DCH Perspective Fr. Roy Cimagala

Believe in Christ

“IF you had believed Moses, you would have believed me, because he wrote about me. But if you do not believe his writings, how will you believe my words?” (Jn 5,46-47)

With these words, it’s like Christ is begging that we believe in him, for he truly is our savior, the very pattern of our humanity, our everything, in fact! It’s like he is trying to identify himself to us and how we need him. He should be the very center of our life.

We should therefore develop the instinct of always looking for Christ, making him alive in our life and patterning our life after his. This business of always looking for Christ is a basic duty of ours, a grave responsibility, in fact.

We have to understand that without him, we would just be on our own, relying simply on our own light and powers that, no matter how excellent, can never accomplish our real ultimate need of our own salvation, our own perfection as a person and as a child of God.

We need to look for Christ so we can find him, and in finding him, we can start to love and serve him which is what we are expected to do to be ‘another Christ.’ This has basis on what Christ himself said: “Ask and it will be given to you.
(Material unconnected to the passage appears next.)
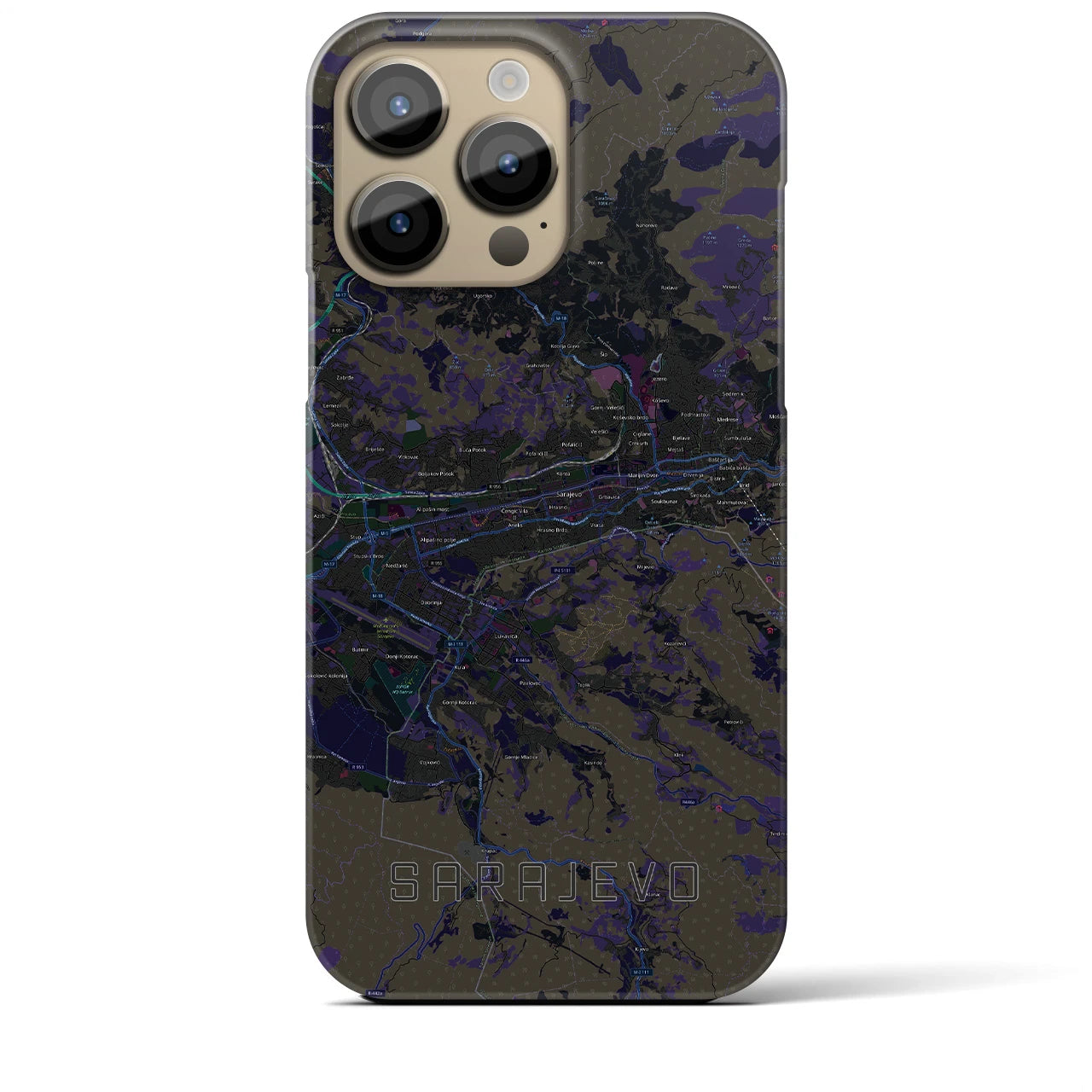【サラエヴォ(ボスニア・ヘルツェゴビナ)】地図柄iPhoneケース(バックカバータイプ)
Seek and you will find. Knock and the door will be opened to you…” (Mt 7,7)

And finding him means that we make Christ alive in our life. He is not just a historical figure. Let’s remember that before he went up to heaven, he promised the coming of the Holy Spirit who would bring to us everything that Christ did and said. More than that, the Holy Spirit brings Christ alive in us.

We just have to exercise our faith to the hilt. With it we enter into a reality that goes beyond what we simply can see and touch and understand. With it we can feel at home even with the mysteries which, by the way, abound in our life since we are not confined only to the sensible and material realities. Our world includes the spiritual and the supernatural.
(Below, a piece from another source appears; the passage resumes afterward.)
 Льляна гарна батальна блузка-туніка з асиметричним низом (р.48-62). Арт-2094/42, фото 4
But we also have to realize that with Christ, it is not enough just to know him. We also have to love him. With Christ, to know him truly is to love him also. In fact, we cannot say we really know him unless we love him too.

With him, these two spiritual operations of ours merge into a unity, although they have different directions. In knowing, the object known is in the knower. It has an inward movement. The knower possesses the known object.
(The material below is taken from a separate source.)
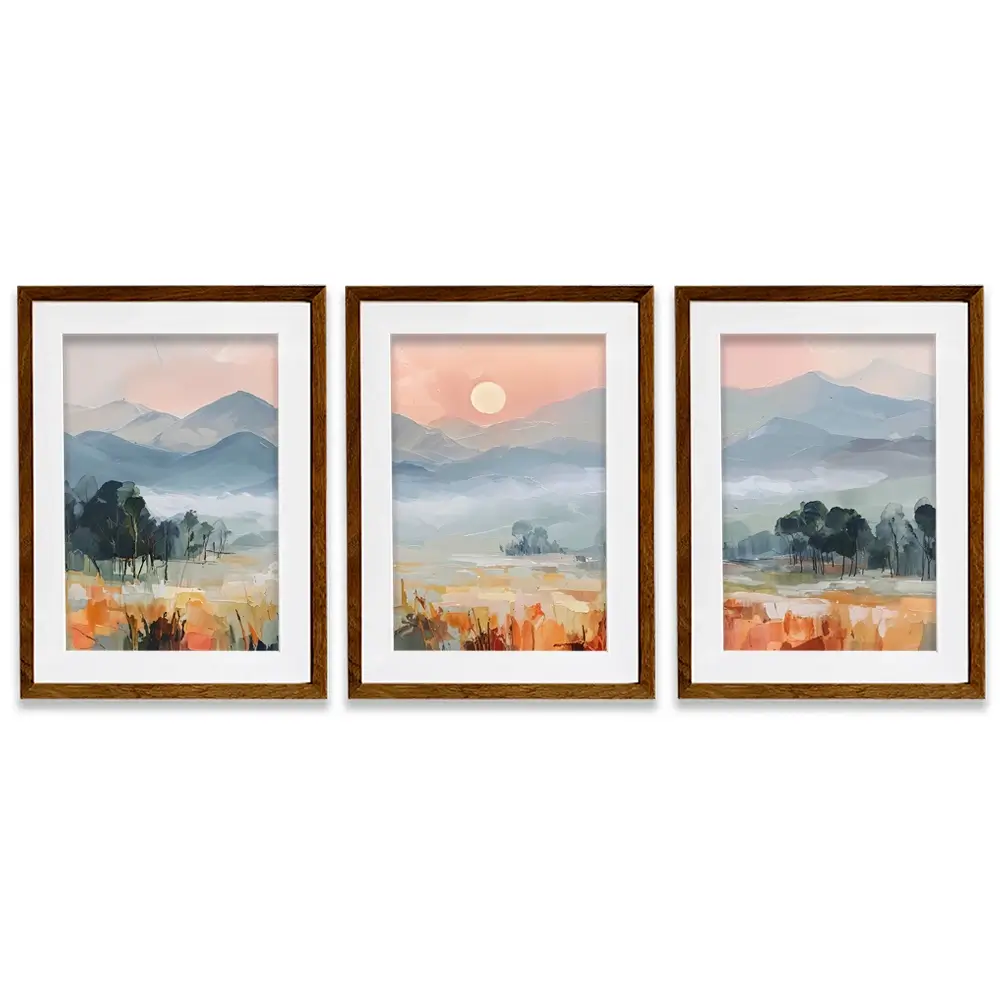 Colourful Land Framed Art Print Trio Colourful Land Framed Art Print Trio wall art product IAmHomeStudio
In loving, the lover is in the beloved. It has an outward movement. It is the beloved that possesses the lover. The lover gets identified with the beloved. The lover becomes what he loves.

In knowing, the knower abstracts things from his object of interest and keeps them to himself. In loving, the lover gives himself to the beloved. In a sense, the lover loses himself in the beloved.

Of course, there are many things that we know but which we do not have to love, or even that we should not love. We can know a lot of evils, but we should never love them. If anything at all, our knowledge of them is just for the sake of prudence, so we can truly be with Christ and become “another Christ” as we should be.